A défaut de la révolution verte, pourquoi pas la technologique ???

mercredi 5 octobre 2011 par Arimi Choubadé

A l’heure des réformes sensées. Des années que les gesticulations autour de l’agriculture ne portent le moindre fruit. La terre ne ment jamais, parait-il. Et pourtant les prévisions annuelles de production agricoles se suivent et se ressemblent. Les tonnages annoncés peinent à être atteints malgré les efforts à travers plusieurs programmes notamment la mécanisation, les intrants, les coopératives ou les financements publics accordés à des jeunes dits reconvertis à la chose agricole. La révolution verte se fait toujours désirée. Le pire, en dehors de l’échec à propos de l’ambition de faire du Bénin un grenier pour toute la sous région, c’est l’incapacité d’atteindre l’autosuffisance alimentaire pour les quelques millions de Béninois. Riz japonais, huile végétale singapourien, pâtes alimentaires européens, maïs américain et de la laiterie hollandaise demeurent incontournable dans l’alimentation locale.

Ce n’est certainement pas le génie béninois qui est en cause dans cette affaire. On pourrait logiquement se demander ce qui fonde les décideurs, toutes générations confondues, à s’arcbouter sur le volet agriculture malgré l’impasse. En dehors de la courte embellie autour du coton sous le régime Soglo, le Bénin n’a jamais pu s’offrir une posture de grand pays agricole. La logique aurait voulu qu’on prospecte une autre orientation dans la quête des opportunités plutôt que de persévérer dans une voix apparemment sans issue. À l’instar de la légende entretenue autour de la Vallée de l’Ouémé prétendue être (virtuellement) la deuxième plus riche après le Nil. Dans la réalité, c’est que le Nil fait vivre près de 7 pays à commencer par la grande Egypte alors que la Vallée de l’Ouémé ne parvient même pas à nourrir convenablement la moitié de la population du département de l’Ouémé-Plateau (à peine 2 millions d’habitants).

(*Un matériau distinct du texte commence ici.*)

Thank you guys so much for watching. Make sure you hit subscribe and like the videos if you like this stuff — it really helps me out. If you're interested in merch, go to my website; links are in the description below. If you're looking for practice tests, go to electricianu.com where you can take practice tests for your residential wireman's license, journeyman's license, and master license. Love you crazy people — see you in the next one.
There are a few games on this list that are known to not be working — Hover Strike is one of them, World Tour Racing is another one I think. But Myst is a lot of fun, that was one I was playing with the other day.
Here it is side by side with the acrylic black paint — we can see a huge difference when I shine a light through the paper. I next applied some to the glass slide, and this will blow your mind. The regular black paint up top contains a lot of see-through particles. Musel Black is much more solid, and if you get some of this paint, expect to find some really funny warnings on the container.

Il existe par contre d’autres révolutions qui méritent que l’on s’y essaye en l’occurrence celle technologique. La petitesse du territoire national considéré comme un sérieux handicap pour la disponibilité des terres cultivables peut se révéler un atout considérable pour le développement des nouvelles technologies de l’information et de la communication. Point n’est nécessaire de déployer de grosses installations pour couvrir tout le territoire national. Sans oublier l’impressionnant potentiel en investissement privé dans le secteur. Pas besoin non plus que l’Etat engloutisse de gros budgets dans l’acquisition de matériels comme c’est le cas en ce qui concerne l’achat de machines agricoles inadaptées et source de polémiques. Il suffit d’une démonopolisation des télécommunications pour que Béninois et étrangers y mettent beaucoup d’argent. Ce qui permet de désacraliser l’accès internet, de rendre plus performante la téléphonie sous toutes ses formes, de permettre une modernisation des outils de gestion des entreprises puis ouvrir la voie à d’autres révolutions.

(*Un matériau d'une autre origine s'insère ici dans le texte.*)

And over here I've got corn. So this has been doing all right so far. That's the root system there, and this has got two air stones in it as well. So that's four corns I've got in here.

En d’autres termes, l’engouement déjà manifeste de plusieurs opérateurs privés est la preuve que le pari du développement des télécommunications est largement plus abordable que la course effrénée après une hypothétique révolution verte qui ne vient jamais. Selon toute vraisemblance, la modernisation de l’agriculture apparait comme une lubie exclusive des gouvernements. En effet, pour être efficace, l’introduction de machine dans les champs devrait être la traduction d’un besoin des acteurs privés eux-mêmes, éventuellement accompagnés par les pouvoirs publics à travers des mesures incitatives ; mais jamais l’inverse. A défaut donc d’être le N°1 de l’agriculture dans la sous région (assez prétentieux pour un petit pays coincé entre plusieurs géants), le Bénin peut très bien s’essayer à être le N°1 de la télécommunication ; le potentiel est déjà là, prêt à s’exploser.

Il faut savoir choisir ses révolutions !!!